You first worked with U2 on the 1995 experimental Passengers Original Soundtracks 1 album. How did you get involved with that record, and how did it feel to be working with U2?
Howie B: Basically, it was a phone call with that album. What happened was the Edge and Bono went out to a party at a friend of theirs house who put on a 12-inch record of mine and when they heard it both of them said "who is that?" and the guy said; "that's Howie B." That was on Friday, and then on Monday, I got a call from their A and R guy at Island records, Nick Angel. He said, "Howie, I've just had a request from the U2 camp; they are recording an experimental album with Brian Eno, and they have come to a little bit of a head, they don't know where they are or where they are going. Would you like to go over and meet them?" So on Thursday, I flew over to Ireland, and I stayed there for a year and a half.
There are some fantastic tracks on the Passengers record.
Howie B: It's a beautiful record – for me, it is an all-rounder because it's got groove, its got ambience, its got depth and it's textured. There are songs there, but they are not songs in the traditional sense. I couldn't believe I was working with Brian Eno; it started a great relationship between him and me, and we went on to make other stuff together. It was very quick recording Passengers Original Soundtracks 1. My involvement was 2-3 weeks maximum, but I was working twenty-four-seven, and I even moved into another studio because there was not enough space for me to do what I wanted to do. They were working at their place at Hanover Quay, and I said, "guys come on, let me go and take the tapes and work on them." So I took the tapes to a tiny funky studio, and they would come and visit me at tea time and listen to what I had done. Larry would come in and say, "I love what you are doing, Howie, can I do some drums?" then Adam would come in and say, "that's fucking great." And he would play a bassline.
I would take the stuff they had recorded with Brian Eno, break it down, and build it up again with the entire band. I pretended that they were a record, and I was sampling them.
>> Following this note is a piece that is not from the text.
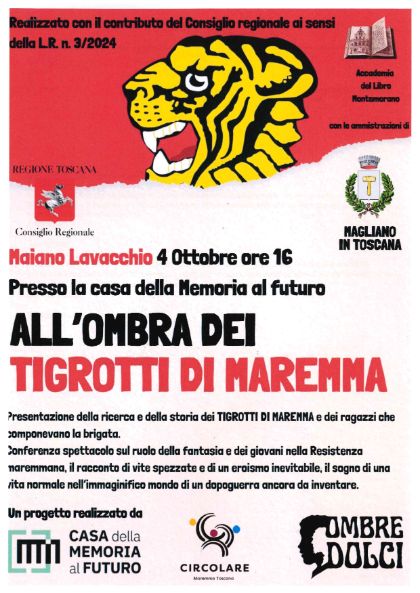 ALL'OMBRA DEI TIGROTTI DI MAREMMA 4  ottobre 2024 ore 16:00 MAIANO LAVACCHIO 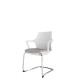 White Perforated Back Chair With Integrated Arms, Upholstered Seat And Chrome Cantilever Frame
It was great even Eno was coming in and jamming on top of what I was doing. For me, at the time, U2 was a big band, but I didn't know who or what they were – I didn't see the essence of the group. I knew Brian Eno's music very well, and it was a big inspiration for me. Then I got to know the guys really well.
How far was the band into the recording of the Pop album when you became involved?
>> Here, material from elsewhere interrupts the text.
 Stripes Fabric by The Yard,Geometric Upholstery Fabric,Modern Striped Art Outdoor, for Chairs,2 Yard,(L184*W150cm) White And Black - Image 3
Howie B: I was there from the absolute beginning. What happened was Larry Mullen had some procedure done on his spine – it's a common thing with drummers, but they wanted to begin a new record. They said to me, "Howie, we don't have a drummer just now, and we want to start writing, but we need some grooves." So I was there from day one, and the whole album took just over a year to record.
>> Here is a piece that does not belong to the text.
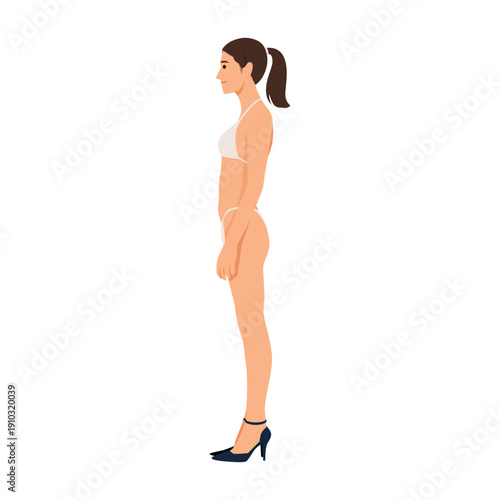 Side View of Woman Body Shape in Underwear. Flat vector illustration isolated on white background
What kind of records did you play to inspire the band and for them to improvise?
Howie B: I played everything from Les Baxter, James Brown, Hip-Hop, breakbeats, Jungle and Drum and Bass. Everything that was going on musically at that point and since music was recorded – anything with a groove. I would play grooves and say, "check this out as an idea or just listen to it for inspiration." Then the Edge would come in and play some guitar licks, and Bono would sing a melody. To get the band going, I would sample something up or make a groove like a kick-snare high hat. And that's how it went for weeks – we were just jamming.
I read an interview with the Edge, and he said, "Howie B cost us an absolute fortune! He'd encourage us to use all these samples, which we had to clear because we are a big band."
Howie B: Yes, but that's okay - I call it 'sampling sports'; if you can take something that someone else has created and then create something that's completely brand new from that, then I say that's fair play. But if you're doing an exact copy – then forget it that's a bum steer. All musicians and artists do that, and also U2 could afford it. (laughs) If you look at the Rolling Stones, the Beatles or any great band in the world, you can always backreference where that riff came from. There are only seven notes, and I don't know how many grooves there are, but there's not many. It's just what you do with it and how you make it your own and give it your signature. But if you're copying their signature, then bye-bye, but if you're taking something and then making it into yours, then that's a mark of respect – especially when you pay them.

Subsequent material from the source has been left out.